Your task: Print exactly the lines from the one that contains "Framed artworks in" through the final line of the entries below, both included, and nothing else; omit the pictures.

(Data extracted from a collection)
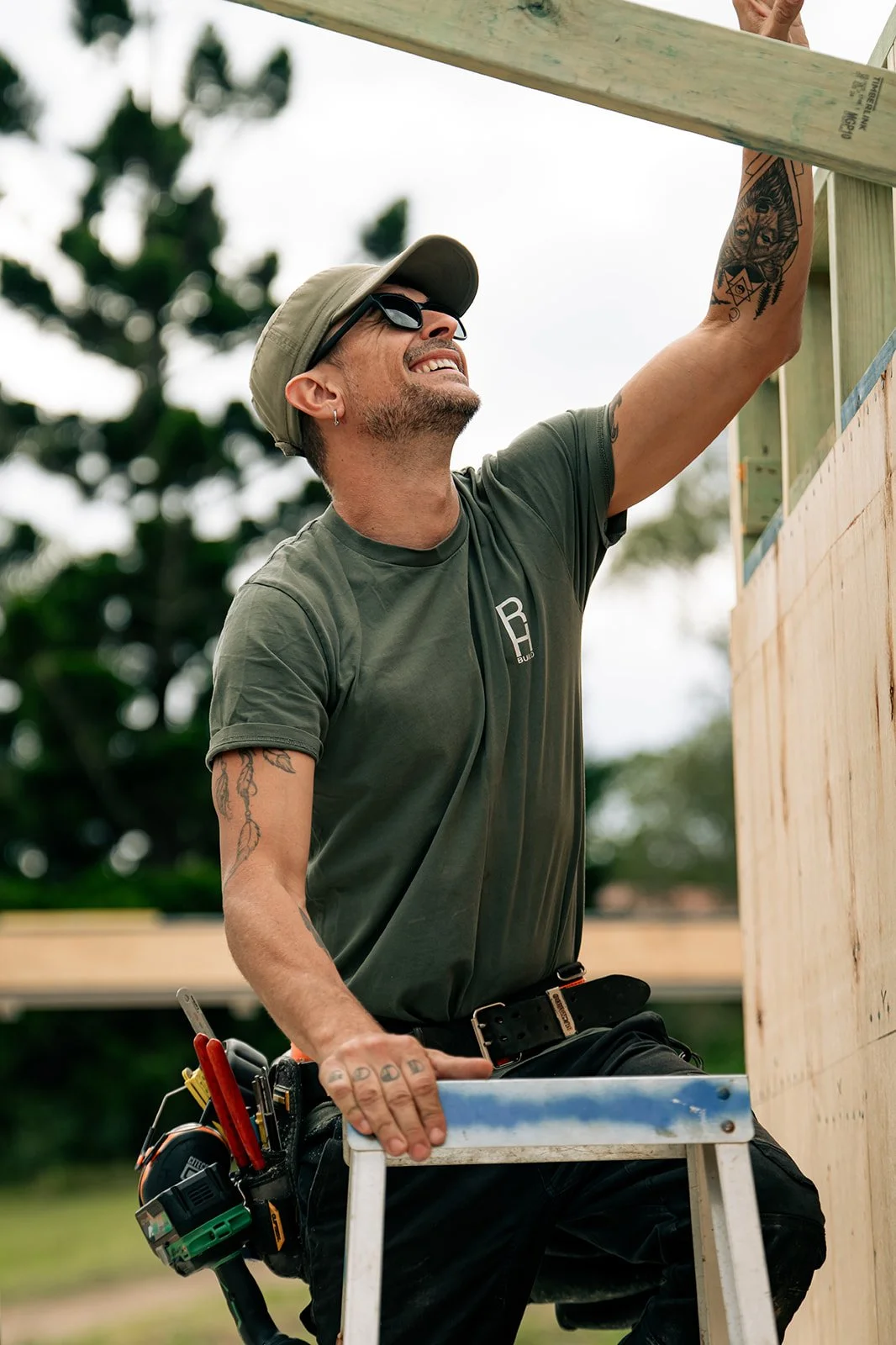 Man smiling and working on a construction project outdoors, wearing a hat, sunglasses, and a tool belt, holding a ladder for support.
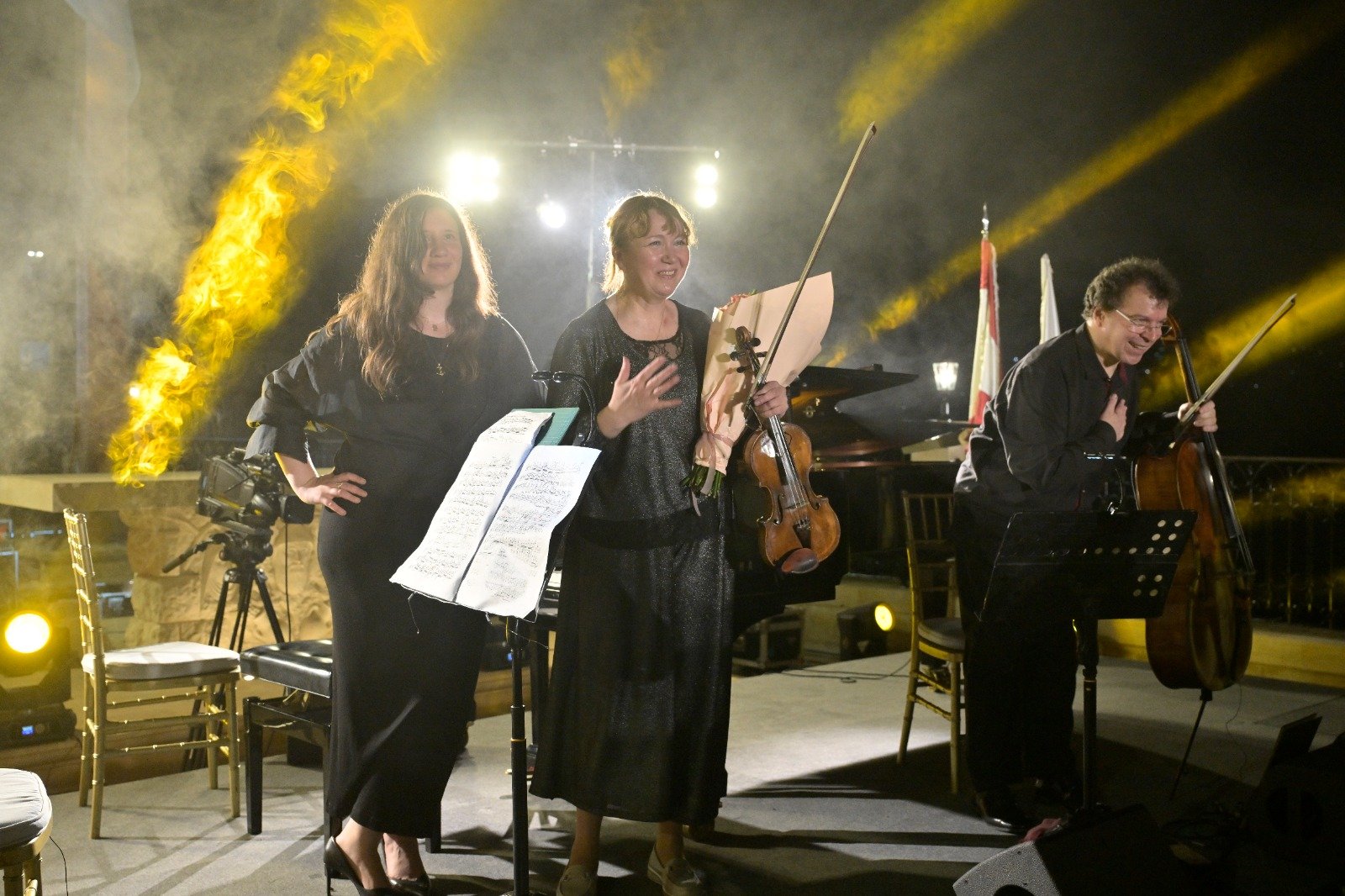 WhatsApp Image 2026-08-07 at 14947 PM - عروبة الاخباري | Oroba News Three musicians on a stage smiling after a performance: a violinist holding a bouquet beside two other players (one with sheet music) and a cellist, all in black with bright stage lighting in the background.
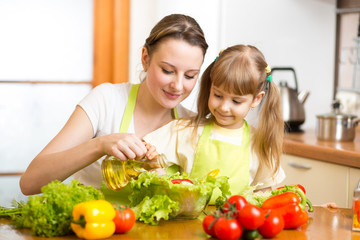 Happy womancooking with child at kitchen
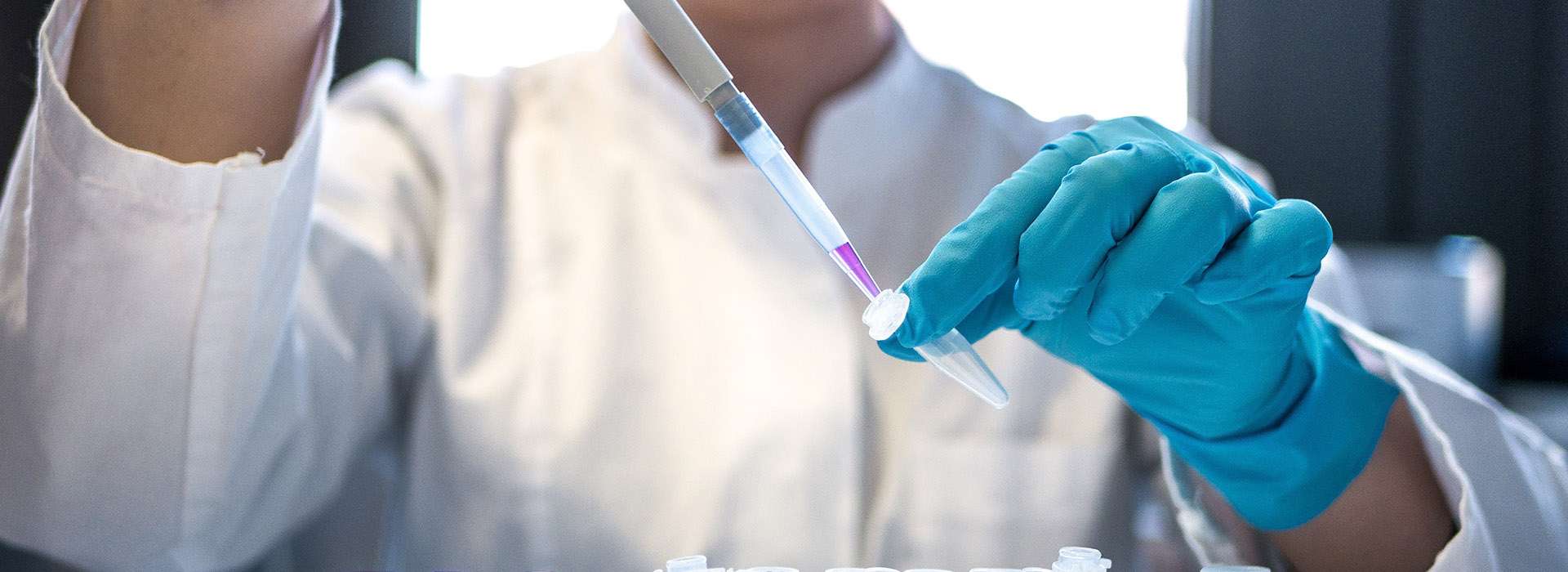 person using lab equipment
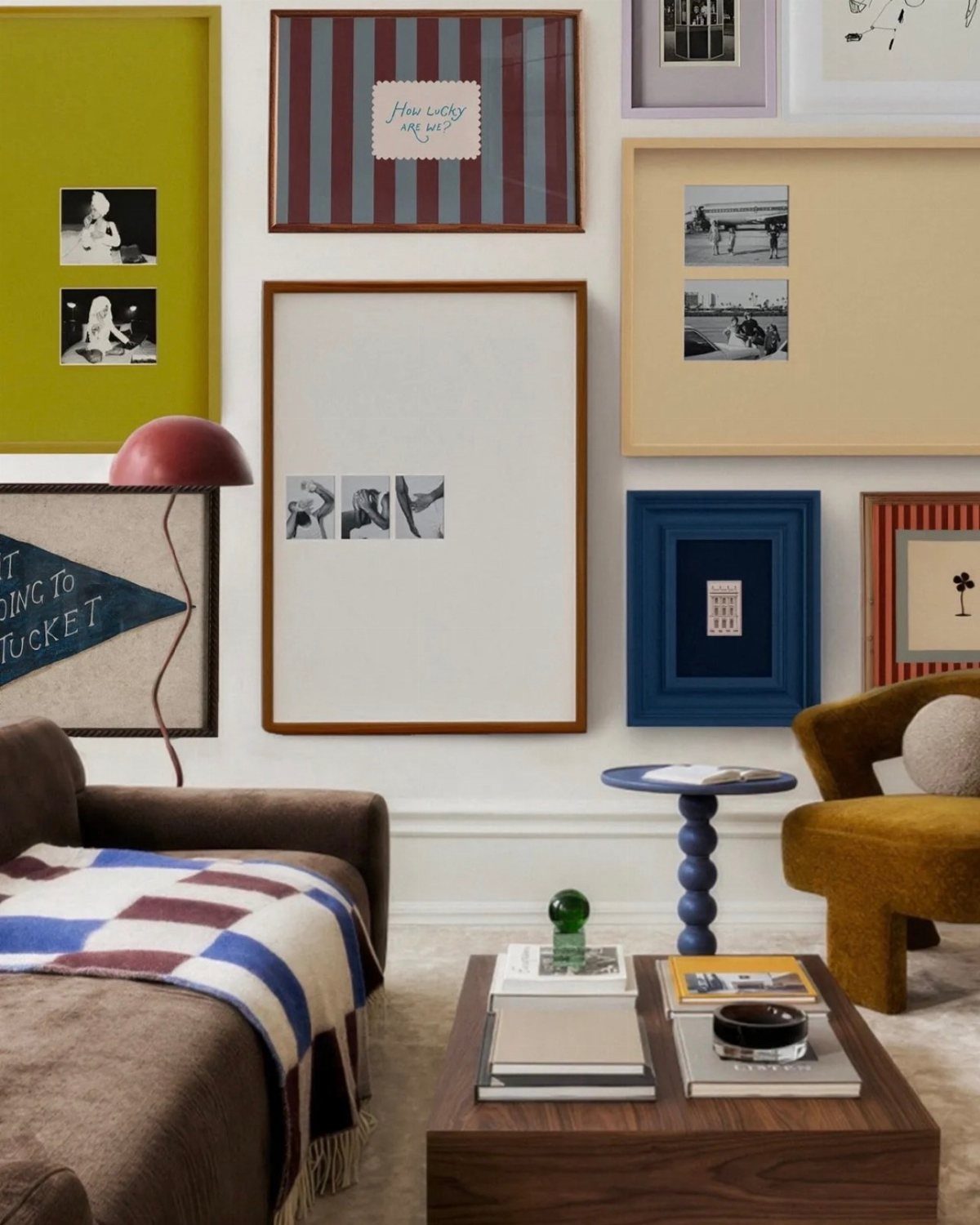 Framed artworks in various colors hanging on a white wall above a living room setup.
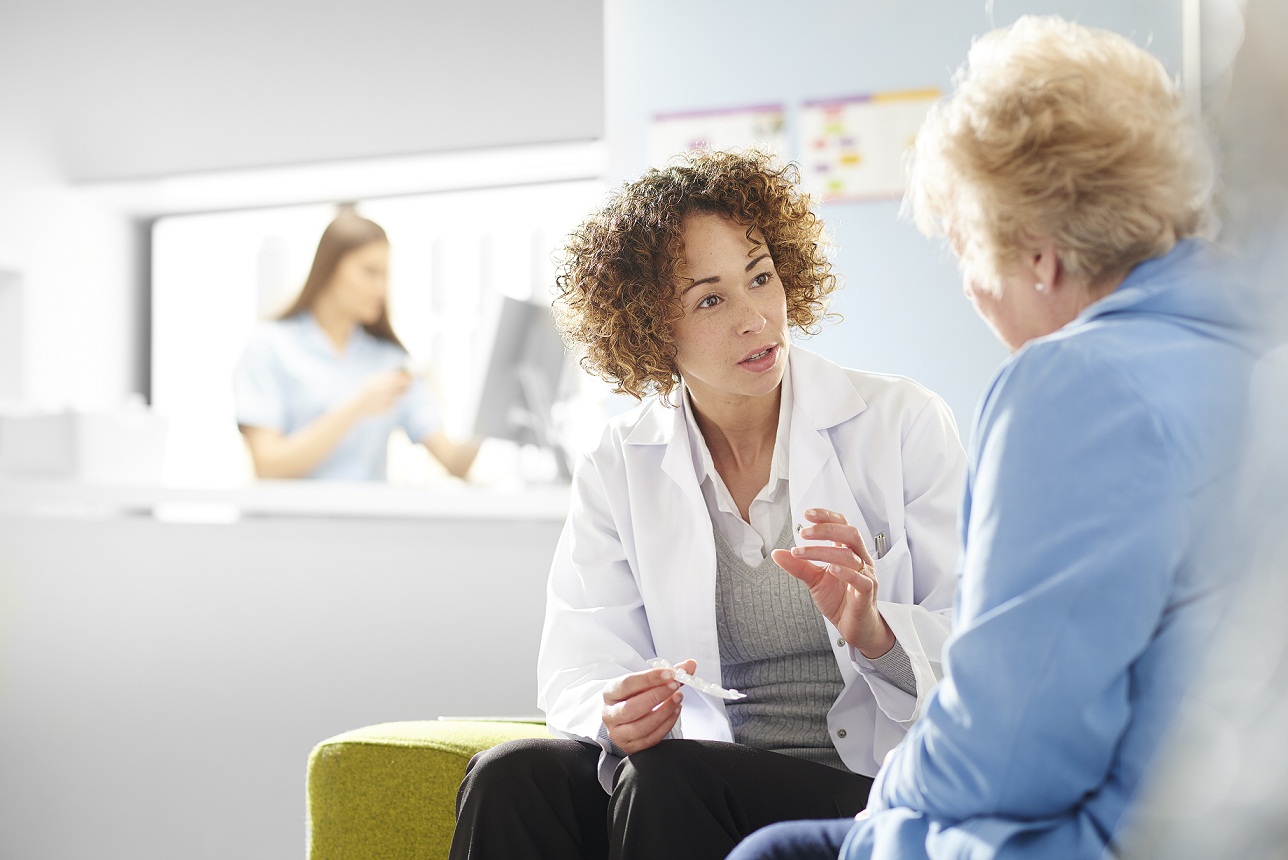 female doctor talking to elderly patient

Finished task:
 Framed artworks in various colors hanging on a white wall above a living room setup.
 female doctor talking to elderly patient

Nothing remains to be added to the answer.